CSRF Protection comes in two forms, an X-CSRF-Protection header, which can be set on XHR requests, or a signed double-submit cookie, which are to be used for form posts and full-page navigations.

For the double-submit method, the CSRF Token can be requested from the /api/meta/config endpoint. It is valid for 6 hours, querying the config endpoint will extend the expiration. The token should be passed to the server in a csrf-token query param.

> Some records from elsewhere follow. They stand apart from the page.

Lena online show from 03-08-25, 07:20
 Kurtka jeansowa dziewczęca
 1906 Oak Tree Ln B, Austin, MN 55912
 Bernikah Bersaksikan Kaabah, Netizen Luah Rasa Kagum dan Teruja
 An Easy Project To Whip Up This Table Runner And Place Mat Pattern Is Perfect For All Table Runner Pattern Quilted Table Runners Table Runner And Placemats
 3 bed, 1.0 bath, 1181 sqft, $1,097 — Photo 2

The token can also be found in the pf-ct cookie. If you are using the cookie instead of requesting the token from the config endpoint then your server code will need to call prefab.SendCSRFToken(ctx, signingKey) at somepoint in the user journey to ensure the cookie is set.

Example XHR:

fetch("/api/users/154", {
  method: "PATCH",
  headers: {
    "Content-Type": "application/json",
    "X-CSRF-Protection": 1,
  },
  credentials: "include",
  body: JSON.stringify({
    name: "Frodo Baggins",
  }),
});

Security Headers

XFrameOptions, HSTS, and CORS can be configured via the config file or using prefab.WithSecurityHeaders.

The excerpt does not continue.